_Exercise materials_
**********
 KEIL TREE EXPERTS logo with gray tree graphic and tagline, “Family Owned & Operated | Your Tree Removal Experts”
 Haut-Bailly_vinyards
**********
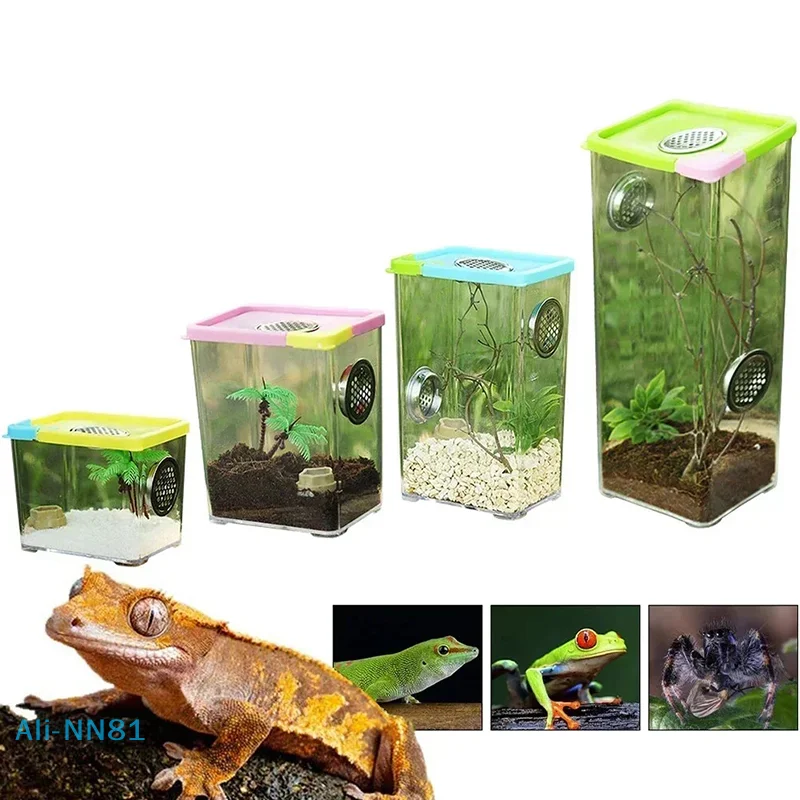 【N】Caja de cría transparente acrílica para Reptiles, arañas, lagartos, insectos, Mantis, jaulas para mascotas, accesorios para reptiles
**********
_Exercise description_
Copy the records above exactly, beginning at the line that contains "KEIL TREE EXPERTS" and stopping after the line that contains "Haut-Bailly_vinyards".

_Solution to the problem_
 KEIL TREE EXPERTS logo with gray tree graphic and tagline, “Family Owned & Operated | Your Tree Removal Experts”
 Haut-Bailly_vinyards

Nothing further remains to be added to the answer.